Slater & Gordon says it owes a total of $761 million, as of 30 June 2017, which it cannot pay down and the debt level is greater than the value of the company which means shareholders will get nothing if it moves to insolvency.
"If the recapitalisation is not implemented, the directors consider that Slater & Gordon will not be in a position to repay any amounts due under the syndicated facility agreement when they become payable," says chairman John Skippen.
"Accordingly, the directors consider that, without implementation of the recapitalisation, Slater & Gordon will become insolvent."
Skippen says that an independent expert has confirmed its secured debt "materially exceeds total enterprise value" and there was no other alternative but to proceed with the recapitalisation plan.
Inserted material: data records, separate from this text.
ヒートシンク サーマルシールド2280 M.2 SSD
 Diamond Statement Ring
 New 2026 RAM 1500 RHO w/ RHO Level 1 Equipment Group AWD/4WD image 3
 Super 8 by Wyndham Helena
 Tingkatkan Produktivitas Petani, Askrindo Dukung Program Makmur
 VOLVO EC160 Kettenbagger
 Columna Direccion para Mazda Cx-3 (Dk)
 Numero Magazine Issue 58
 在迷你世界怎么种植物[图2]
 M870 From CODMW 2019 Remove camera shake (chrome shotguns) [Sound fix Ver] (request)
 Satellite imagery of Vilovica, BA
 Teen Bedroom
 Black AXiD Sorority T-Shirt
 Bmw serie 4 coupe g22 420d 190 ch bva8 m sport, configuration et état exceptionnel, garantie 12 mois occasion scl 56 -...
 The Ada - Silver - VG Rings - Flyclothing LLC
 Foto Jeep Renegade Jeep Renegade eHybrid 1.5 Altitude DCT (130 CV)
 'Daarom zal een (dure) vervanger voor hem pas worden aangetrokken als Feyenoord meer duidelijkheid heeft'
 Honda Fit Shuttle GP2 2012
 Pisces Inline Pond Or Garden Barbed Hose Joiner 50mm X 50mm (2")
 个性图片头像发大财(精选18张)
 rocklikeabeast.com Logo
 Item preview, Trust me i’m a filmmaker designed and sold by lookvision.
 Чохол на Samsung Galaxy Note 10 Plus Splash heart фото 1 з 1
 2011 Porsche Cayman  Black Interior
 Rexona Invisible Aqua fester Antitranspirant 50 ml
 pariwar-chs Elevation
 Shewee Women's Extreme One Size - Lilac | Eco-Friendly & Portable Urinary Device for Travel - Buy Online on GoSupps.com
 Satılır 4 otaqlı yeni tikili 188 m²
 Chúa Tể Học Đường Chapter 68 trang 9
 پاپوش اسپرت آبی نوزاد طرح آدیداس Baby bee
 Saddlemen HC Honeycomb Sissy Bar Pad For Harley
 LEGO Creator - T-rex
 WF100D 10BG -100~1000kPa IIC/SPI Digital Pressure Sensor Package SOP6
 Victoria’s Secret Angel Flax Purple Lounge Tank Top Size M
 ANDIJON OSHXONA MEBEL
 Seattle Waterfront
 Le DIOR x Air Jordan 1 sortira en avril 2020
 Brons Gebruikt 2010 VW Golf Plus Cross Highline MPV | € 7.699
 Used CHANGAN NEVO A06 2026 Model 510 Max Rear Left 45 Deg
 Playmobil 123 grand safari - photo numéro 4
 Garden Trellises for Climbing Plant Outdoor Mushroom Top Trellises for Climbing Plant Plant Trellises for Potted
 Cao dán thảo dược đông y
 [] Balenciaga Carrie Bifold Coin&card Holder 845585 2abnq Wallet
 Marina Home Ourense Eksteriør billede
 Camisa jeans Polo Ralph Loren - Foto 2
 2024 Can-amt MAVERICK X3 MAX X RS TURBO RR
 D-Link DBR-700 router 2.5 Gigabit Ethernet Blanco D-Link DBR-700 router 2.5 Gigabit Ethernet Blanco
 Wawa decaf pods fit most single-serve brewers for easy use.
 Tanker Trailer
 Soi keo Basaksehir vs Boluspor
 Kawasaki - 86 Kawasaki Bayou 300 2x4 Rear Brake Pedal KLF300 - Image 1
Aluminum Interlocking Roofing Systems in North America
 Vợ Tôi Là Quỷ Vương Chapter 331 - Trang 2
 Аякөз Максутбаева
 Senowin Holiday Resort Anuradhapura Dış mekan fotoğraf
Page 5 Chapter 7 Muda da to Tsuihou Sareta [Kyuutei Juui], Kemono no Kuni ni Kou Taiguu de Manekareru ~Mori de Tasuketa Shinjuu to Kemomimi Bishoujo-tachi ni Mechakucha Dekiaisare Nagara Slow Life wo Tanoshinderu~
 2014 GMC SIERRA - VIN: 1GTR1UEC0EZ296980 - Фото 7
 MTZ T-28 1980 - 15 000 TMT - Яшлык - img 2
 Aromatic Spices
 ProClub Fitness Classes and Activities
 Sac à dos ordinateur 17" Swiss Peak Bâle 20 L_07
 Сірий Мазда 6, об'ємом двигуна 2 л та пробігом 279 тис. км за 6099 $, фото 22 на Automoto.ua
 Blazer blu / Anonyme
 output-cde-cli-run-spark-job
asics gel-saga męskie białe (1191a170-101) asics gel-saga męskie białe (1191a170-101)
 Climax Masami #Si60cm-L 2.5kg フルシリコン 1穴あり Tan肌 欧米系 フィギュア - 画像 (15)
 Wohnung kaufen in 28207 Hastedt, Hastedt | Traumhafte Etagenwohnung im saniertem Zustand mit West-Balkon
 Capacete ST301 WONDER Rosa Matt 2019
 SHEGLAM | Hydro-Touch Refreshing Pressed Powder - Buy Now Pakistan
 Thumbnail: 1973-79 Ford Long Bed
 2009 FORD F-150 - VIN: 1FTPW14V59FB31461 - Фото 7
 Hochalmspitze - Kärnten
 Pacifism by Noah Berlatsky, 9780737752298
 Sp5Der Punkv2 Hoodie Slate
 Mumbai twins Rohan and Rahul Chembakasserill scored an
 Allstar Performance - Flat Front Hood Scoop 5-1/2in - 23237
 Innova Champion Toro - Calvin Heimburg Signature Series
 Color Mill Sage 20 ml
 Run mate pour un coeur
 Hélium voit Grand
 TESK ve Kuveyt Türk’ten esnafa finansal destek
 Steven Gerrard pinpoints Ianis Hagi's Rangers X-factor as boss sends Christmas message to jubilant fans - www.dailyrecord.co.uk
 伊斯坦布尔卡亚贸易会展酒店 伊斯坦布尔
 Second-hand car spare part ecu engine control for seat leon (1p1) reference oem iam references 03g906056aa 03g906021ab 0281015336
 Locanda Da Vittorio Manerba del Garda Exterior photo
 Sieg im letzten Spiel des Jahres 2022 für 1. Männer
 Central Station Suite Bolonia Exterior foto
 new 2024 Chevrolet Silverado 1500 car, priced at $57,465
"Therefore, in the event that the recapitalisation was not implemented and Slater & Gordon became insolvent, shareholders would most likely receive nothing because the assets of Slater & Gordon are not sufficient to fully satisfy its secured debt obligations, let alone the claims of other secured creditors, unsecured creditors or any interests of shareholders," Skippen says.
"In addition, the value of Slater and Gordon's business may be further eroded due to the loss of current employees and clients that would likely occur as a result of entering an insolvency process."
Slater & Gordon posted a loss of $546.8 million for the 2016-17 financial year, coming on the back of the previous year's impairment-heavy loss of $1.01bn.
The main cause of the company's billion dollar fall from grace was its disastrous $1.3 billion acquisition of British professional services firm Quindell in 2015 which led to two class actions by aggrieved shareholders. One of those class actions was settled in July for $36.5 million.
Slater & Gordon meanwhile filed its own lawsuit against UK-based Watchstone Group over the sale of Quindell, alleging the company and its senior managers made "fraudulent misrepresentations" over the deal.
Since the purchase of Quindell, and the subsequent legal troubles and heavy losses, shares in the company, which traded at just over $8.00 two years ago, are now at just $0.07.
Under the scheme of arrangement with its senior lenders, a consortium of hedge funds led by Anchorage Capital Partners, Slater & Gordon says its debt will effectively be reduced from $761 million to no more than $125 million.
Slater & Gordon (Australia) will be released from its obligation to pay the debt from its UK division which mostly stems from a $375 million loan as part of the Quindell acquisition. It senior lenders will take control of the UK subsidiary.
A vote on the recapitalisation of its debt structure will be held at the AGM.